Most of the answers to the question of “new or used?” come down to answering questions about wants, needs, budgets, and risk aversion. The cost-benefit analysis is about those four things and how important each of them is to your buying choice.
Why Buy New
The obvious reasons to buy new are: warranties and lower risks. The obvious downsides to buying new are the higher cost. Comparing a new model with an older one, even if they’re exactly the same vehicle in all but model year, will always have the used vehicle being cheaper. The tradeoff is that the new car will have guarantees and warranties that are both covered by the manufacturer and the law.
If a brand new vehicle has problems soon after its purchase (within three years of purchase, in most cases, and more in others), the manufacturer is required to remedy that problem. Obviously there are limits to the kinds of claims that can be made, but if the problem is in any way related to the vehicle’s design, manufacture, or build quality, it’s on the carmaker to make it right.
Newer cars also benefit from the latest technologies, both inside and out. A new car is generally more fuel efficient, safer, and more advanced than is a comparable older car. Today’s new cars include advanced safety and driver assistance items that weren’t even on the market just a few years ago. Often these are standard equipment now.
Further, a new car has no wear and tear, no accident history lurking in the shadows, and no questions about title and ownership. Registering and legalizing a new car purchase is far easier and hassle-free as well. Most new cars come with inspections and the like already performed and dealerships often include the title transfer and registration fees as part of the purchase.

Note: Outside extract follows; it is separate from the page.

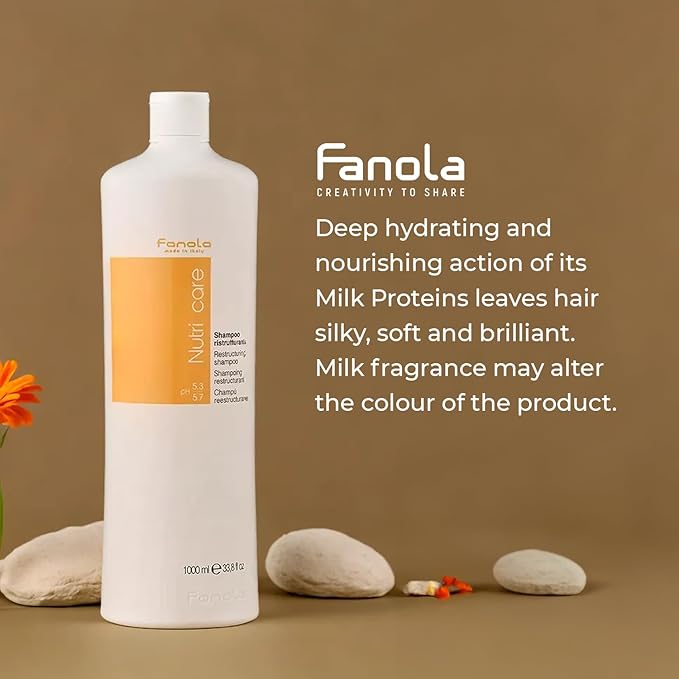 Restructuring Hair Shampoo for Women & Men - Moisturizing Shampoo for Dry Hair Enriched with Milk Protein - Repairing, Nourishing, Anti-Frizz Formula for Dry & Brittle Strands (33.8 Fl oz)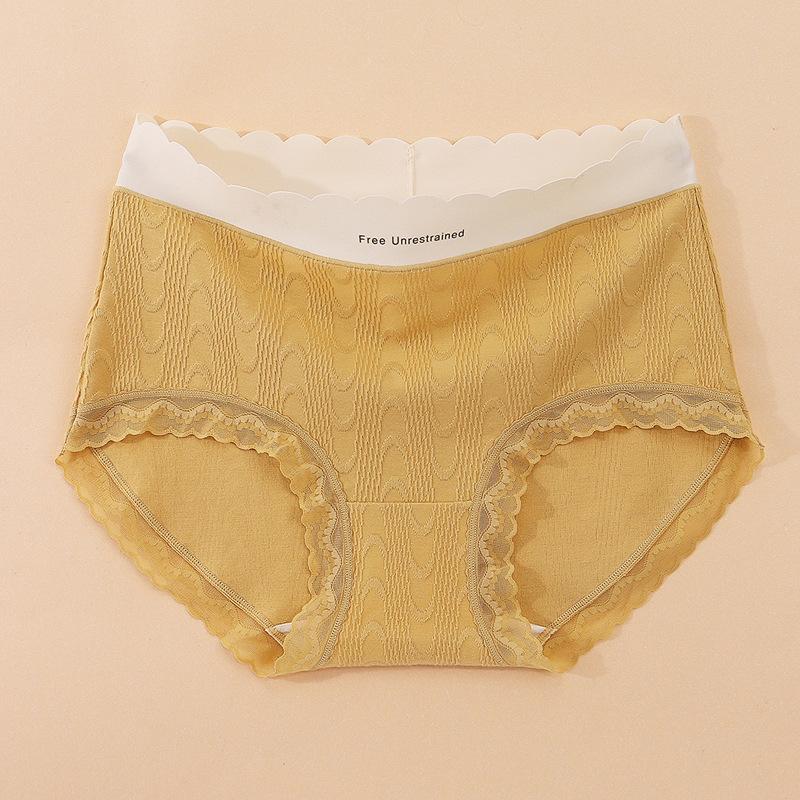 Women's Underwear Cotton High Quality Girls Briefs 5A Antibacterial Crotch Breathable Mid-high Waist Cotton Panties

Getting a bank loan or other financing for a new car is far easier than it is for a used vehicle. Financing incentives, leasing options, and more are all available for new cars. Most of the time, no matter the buyer’s credit rating, a new car purchase can be financed from the dealership and settled in just a few hours. Costs can be significantly lowered in a new car when financing deals such as zero percent offers and matching down payments are considered.

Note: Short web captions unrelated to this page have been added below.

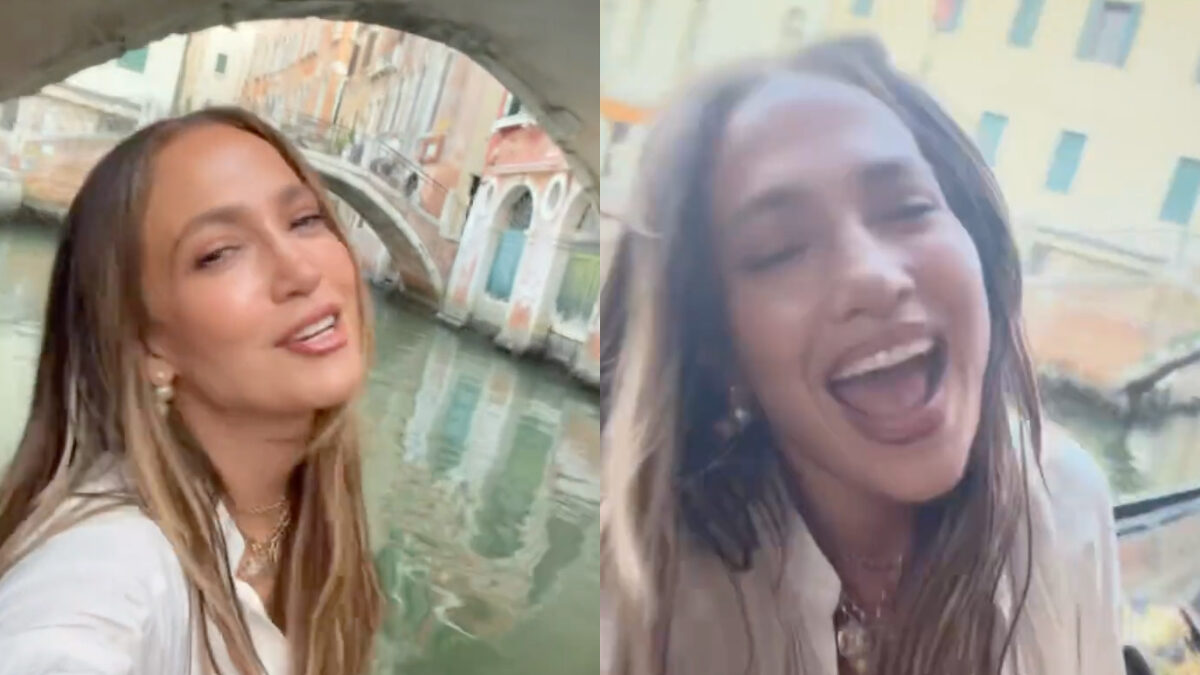 “Dovevo farlo”: Jennifer Lopez in gondola a Venezia omaggia “Like a Virgin” di Madonna, il video su Tik Tok è virale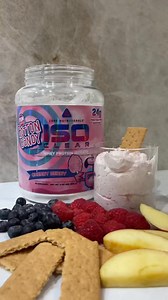 CORE Nutritionals® Fun Sweets ISO Clear Cotton Candy Whip 🎡🍭 High protein. Light. Fluffy. Here’s all you need: • 2 scoops (60g) CORE Nutritionals® Fun Sweets ISO Clear Protein. • 1 container Reduced Fat Cool Whip. Mix until smooth. Dip fruit, rice cakes, or graham crackers. Or just grab a spoon! #CORENutritionals #FunSweets #CottonCandyWhip #ISOProtein #ProteinSnack #CrushIt #recipe | Core Nutritionals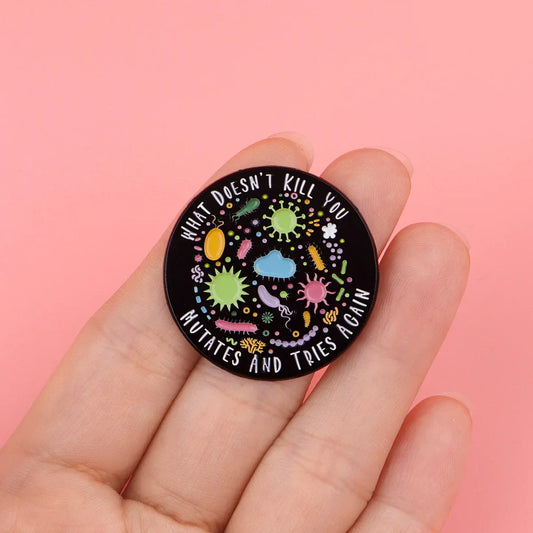 Bacteria Cartoon Enamel Pin Brooch for Backpacks & Clothes - Fashion Gift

The other advantage of a new car is its prestige. A new vehicle has a certain amount of social boost that brings a lot of appeal.
Why Buy Used
With a used vehicle, there are two major advantages: lower purchase price and lower costs. Used cars are cheaper to buy and usually have lower insurance costs associated with them. New cars depreciate quickly once purchased whereas a used car has already had that depreciation happen, hence its cheaper price. A new car can lose 50 percent of its value in just a couple of years whereas a used car loses value slowly over time.
It’s important that in the search for a used car, the buyer ensure that the vehicle being purchased is a good one. In used cars, make and model matter, but so does the history of the particular car being considered. Most of the potential savings with buying used are with the car’s reliability expectation. That expectation is only known if the vehicle is known to have been well cared for and maintained.

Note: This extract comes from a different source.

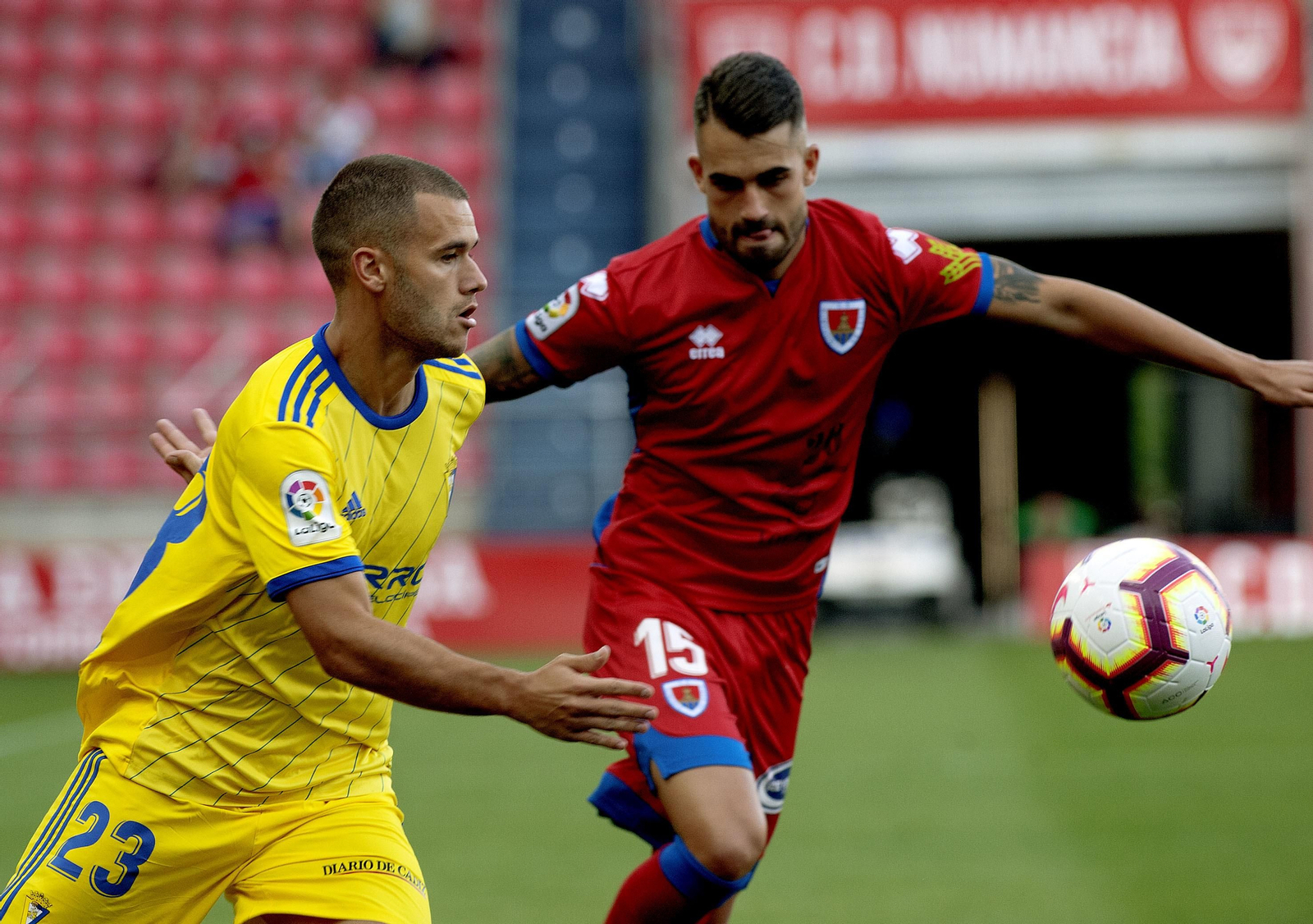 Las imágenes del Numancia-Cádiz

The major disadvantage to a used car is that there is likely no guarantee or warranty associated with it and if there is, it’s very limited. Even certified used cars, which are backed by the manufacturer for a year or so after purchase, are no guarantee of a trouble-free vehicle.
Buying and legalizing a used car are also more time-intensive for the buyer, given the extra footwork often required to secure a loan and the work required to transfer titles and pay for inspections and registrations. Interest rates for loans on used cars are also often higher than they are for new.
These costs, however, often translate into more work on the buyer that means lower costs over time. A typical monthly loan payment on a used car, for example, is generally about half to two thirds that of a new car payment. Add in that the sale tax for the lower purchase price and the lower valuation of the car means lower insurance rates and there could be even more savings.
So Which Is It?
So the question of whether to buy new or used is largely down to those four points we mentioned at the beginning.
Do you want a new car? If so, why?
Do you need a new car? If so, why?
Can you afford a new car? If not, why?
Is the risk of a used car worth it? If not, why?
Answering these questions will answer your new vs. used conundrum.